►
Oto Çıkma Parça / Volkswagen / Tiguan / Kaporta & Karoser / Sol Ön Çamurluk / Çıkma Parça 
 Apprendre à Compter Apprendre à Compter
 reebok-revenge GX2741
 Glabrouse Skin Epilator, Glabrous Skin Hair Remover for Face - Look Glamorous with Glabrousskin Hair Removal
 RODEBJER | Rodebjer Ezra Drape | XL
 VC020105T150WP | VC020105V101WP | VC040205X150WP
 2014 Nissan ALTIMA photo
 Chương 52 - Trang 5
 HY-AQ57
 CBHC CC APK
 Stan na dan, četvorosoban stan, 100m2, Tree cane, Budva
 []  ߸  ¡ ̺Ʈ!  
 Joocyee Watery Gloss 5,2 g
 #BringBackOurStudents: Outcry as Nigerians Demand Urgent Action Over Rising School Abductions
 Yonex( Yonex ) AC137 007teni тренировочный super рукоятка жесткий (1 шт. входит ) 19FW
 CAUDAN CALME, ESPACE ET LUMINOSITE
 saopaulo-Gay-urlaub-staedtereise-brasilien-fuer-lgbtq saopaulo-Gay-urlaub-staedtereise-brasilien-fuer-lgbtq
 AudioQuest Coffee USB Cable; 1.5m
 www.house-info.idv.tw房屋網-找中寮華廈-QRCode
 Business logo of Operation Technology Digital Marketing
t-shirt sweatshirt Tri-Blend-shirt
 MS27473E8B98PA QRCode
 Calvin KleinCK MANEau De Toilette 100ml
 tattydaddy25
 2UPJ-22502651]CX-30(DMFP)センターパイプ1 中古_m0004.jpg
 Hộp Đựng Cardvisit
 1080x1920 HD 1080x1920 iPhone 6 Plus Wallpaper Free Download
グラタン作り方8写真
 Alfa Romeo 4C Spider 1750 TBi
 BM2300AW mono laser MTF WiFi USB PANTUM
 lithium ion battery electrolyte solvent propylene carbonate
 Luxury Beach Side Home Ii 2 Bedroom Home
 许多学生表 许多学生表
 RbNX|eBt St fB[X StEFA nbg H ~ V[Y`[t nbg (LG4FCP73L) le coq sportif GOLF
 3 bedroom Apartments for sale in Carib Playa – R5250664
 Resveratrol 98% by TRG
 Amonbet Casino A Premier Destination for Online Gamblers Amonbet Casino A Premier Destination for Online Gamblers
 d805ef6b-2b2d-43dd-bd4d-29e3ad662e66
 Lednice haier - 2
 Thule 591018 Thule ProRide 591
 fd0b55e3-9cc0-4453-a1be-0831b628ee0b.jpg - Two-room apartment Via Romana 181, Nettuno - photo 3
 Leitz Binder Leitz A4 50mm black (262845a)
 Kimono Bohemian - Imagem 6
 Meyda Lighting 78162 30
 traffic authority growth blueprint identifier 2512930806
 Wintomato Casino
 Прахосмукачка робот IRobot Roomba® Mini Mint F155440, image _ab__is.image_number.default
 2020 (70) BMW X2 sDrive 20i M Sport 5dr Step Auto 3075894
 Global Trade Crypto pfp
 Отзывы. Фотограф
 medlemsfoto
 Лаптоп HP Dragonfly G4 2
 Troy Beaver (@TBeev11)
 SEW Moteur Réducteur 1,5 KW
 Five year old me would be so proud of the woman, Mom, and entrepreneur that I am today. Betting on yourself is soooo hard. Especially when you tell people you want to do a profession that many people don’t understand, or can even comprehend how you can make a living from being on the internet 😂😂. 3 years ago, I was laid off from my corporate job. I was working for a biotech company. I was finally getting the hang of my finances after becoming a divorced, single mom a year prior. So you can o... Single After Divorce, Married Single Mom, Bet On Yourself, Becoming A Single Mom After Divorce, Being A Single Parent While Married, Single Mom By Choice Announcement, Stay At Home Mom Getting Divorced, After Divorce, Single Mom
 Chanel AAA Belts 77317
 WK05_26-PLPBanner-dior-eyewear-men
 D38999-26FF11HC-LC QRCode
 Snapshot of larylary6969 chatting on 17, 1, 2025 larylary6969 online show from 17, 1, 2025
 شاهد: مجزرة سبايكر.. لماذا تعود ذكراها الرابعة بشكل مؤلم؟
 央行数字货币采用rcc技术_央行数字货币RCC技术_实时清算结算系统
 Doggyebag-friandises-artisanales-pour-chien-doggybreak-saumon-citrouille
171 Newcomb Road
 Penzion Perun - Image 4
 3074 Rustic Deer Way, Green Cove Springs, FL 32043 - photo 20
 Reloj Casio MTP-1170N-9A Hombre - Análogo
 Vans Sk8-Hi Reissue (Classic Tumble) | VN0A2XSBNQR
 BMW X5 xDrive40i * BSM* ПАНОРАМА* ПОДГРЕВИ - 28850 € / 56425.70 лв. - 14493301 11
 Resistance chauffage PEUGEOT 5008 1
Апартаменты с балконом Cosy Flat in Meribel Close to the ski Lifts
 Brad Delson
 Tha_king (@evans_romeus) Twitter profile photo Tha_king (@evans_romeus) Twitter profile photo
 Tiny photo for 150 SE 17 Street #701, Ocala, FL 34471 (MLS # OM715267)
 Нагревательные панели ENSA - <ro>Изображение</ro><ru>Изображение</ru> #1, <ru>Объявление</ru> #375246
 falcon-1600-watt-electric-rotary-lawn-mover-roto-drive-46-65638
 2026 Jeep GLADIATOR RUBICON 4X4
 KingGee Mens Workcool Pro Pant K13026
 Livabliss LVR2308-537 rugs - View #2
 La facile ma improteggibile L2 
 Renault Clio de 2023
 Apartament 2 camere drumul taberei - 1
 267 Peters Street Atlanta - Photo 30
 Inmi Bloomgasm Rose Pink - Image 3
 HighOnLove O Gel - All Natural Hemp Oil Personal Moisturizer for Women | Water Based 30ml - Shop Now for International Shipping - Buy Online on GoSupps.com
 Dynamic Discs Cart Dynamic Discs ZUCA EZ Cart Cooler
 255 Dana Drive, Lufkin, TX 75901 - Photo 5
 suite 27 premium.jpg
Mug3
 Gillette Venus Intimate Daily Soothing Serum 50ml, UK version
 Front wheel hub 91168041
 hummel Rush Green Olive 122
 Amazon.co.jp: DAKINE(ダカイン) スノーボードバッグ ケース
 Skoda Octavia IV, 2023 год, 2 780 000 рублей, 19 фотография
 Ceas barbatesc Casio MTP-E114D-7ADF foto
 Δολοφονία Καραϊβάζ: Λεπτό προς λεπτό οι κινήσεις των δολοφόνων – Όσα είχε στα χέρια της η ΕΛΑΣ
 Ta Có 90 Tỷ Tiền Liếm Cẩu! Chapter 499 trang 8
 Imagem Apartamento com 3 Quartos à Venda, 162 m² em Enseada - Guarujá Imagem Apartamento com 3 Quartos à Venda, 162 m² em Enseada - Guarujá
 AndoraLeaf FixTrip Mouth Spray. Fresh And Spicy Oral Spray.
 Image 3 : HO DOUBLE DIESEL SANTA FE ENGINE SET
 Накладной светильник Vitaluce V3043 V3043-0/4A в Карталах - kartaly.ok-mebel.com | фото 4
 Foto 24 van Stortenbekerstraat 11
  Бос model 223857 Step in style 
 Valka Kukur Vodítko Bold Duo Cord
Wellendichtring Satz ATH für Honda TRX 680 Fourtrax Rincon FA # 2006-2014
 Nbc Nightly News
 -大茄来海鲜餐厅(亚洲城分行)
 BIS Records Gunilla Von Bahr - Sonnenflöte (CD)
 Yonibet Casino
◄
- EXERCISE
Scan the data above for the word "QRCode" and report every line where it is found.

- SOLUTION TO THE EXERCISE
 www.house-info.idv.tw房屋網-找中寮華廈-QRCode
 MS27473E8B98PA QRCode
 D38999-26FF11HC-LC QRCode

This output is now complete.